As mentioned above, when the power is turned on, the control unit checks a plurality of printed board units, and if a check error occurs, a message is displayed on the display and only the printed board units that can operate normally are operated. This makes it possible to realize an efficient device self-diagnosis method.

〔Effect of the invention〕

According to the present invention as described above, by checking a plurality of printed circuit board units using a control signal from the control section when power is turned on, it becomes easy to isolate a fault, and it is possible to operate only with normal printed circuit board units. This has the effect of providing an efficient device self-diagnosis method.

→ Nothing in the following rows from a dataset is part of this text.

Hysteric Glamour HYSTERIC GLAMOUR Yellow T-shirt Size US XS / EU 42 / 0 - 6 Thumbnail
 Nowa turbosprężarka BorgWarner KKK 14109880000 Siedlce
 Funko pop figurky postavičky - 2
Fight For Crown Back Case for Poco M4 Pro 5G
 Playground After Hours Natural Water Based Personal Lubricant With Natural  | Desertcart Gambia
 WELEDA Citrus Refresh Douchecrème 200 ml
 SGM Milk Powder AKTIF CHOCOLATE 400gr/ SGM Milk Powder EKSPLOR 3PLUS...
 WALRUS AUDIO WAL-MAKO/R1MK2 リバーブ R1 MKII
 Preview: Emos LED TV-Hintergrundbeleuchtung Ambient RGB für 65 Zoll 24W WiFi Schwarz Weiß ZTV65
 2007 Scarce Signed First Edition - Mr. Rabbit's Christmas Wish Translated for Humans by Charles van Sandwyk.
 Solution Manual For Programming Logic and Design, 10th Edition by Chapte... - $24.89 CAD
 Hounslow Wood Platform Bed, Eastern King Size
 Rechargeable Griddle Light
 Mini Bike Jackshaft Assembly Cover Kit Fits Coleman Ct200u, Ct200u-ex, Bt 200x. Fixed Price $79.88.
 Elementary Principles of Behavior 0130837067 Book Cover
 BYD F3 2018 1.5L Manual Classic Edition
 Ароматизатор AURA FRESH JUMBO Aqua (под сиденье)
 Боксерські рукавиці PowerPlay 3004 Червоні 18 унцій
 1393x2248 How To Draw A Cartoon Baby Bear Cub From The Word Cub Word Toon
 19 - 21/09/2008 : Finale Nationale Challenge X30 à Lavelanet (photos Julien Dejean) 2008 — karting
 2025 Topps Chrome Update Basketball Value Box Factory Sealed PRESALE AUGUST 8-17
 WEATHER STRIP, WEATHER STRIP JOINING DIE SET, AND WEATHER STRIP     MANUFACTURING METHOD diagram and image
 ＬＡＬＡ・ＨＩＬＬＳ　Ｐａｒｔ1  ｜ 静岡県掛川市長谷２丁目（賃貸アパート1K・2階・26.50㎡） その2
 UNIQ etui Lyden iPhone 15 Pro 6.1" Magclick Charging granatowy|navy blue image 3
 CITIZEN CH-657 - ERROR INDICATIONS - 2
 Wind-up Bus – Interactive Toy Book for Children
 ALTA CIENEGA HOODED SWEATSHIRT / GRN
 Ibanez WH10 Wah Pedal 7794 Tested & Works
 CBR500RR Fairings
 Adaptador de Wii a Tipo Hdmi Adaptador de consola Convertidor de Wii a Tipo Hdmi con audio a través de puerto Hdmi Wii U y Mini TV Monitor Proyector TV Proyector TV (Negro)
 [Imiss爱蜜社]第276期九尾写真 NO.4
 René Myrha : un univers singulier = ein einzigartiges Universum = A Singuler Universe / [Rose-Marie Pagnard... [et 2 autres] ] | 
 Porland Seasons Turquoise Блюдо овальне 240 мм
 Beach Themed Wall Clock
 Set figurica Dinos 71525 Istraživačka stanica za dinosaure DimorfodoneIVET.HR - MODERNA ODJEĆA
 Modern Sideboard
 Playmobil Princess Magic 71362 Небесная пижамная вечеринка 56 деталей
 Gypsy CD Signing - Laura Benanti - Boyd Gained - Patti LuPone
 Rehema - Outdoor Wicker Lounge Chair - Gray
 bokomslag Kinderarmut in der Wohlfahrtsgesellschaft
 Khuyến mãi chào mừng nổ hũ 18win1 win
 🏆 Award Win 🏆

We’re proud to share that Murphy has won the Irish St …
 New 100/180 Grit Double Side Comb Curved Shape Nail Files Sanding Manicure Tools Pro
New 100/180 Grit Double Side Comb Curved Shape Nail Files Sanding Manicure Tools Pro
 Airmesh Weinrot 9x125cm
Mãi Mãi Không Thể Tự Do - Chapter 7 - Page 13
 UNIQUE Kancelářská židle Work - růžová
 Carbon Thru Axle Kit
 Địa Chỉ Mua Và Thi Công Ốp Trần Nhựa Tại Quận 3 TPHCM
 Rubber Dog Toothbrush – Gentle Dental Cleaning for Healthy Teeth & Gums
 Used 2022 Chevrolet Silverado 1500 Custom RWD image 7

[Brief explanation of the drawing]

FIG. 1 is a block diagram explaining the present invention in detail, FIG. 2 is a block diagram explaining the present invention in detail, FIG. 3 is a diagram explaining a flowchart of an embodiment of the present invention, and FIG. 4 is a conventional example. A block diagram explaining the following is shown. In the figure, 10 is a control means, 10A, 11 are control units, 15 is a display unit, 21 to 2n are printed board units, 30 is a flag table, 40 is a transmission device, 51 is an A/D conversion unit, and 52 is a D/D converter unit. A conversion section, 53 is a Y/C demultiplexing and multiplexing section, 54 is a Y/C combining and demultiplexing section, 55.55a is a frame buffer section, 56 is an encoding section, 57 is a decoding section, 58 is a transmission frame 59 is a transmission frame decomposition unit.

Claims (1)

[Claims] A transmission device (10) comprising a control means (10) for controlling the transmission device, and a plurality of printed board units (21 to 2n) that perform predetermined processing on transmission data and send it out to a transmission path. 4
0), a flag table (30) for sending a control signal from the control means (10) to the plurality of printed board units (21 to 2n) when the power is turned on, checking the response, and recording the state thereof; the control means (10) refers to the flag table (30) immediately before executing the specified program;
When there is no faulty printed board unit, normal processing is performed, and when there is a faulty printed board unit, the processing routine including the faulty printed board unit is jumped,
A device self-diagnosis method characterized by executing the following processing routine.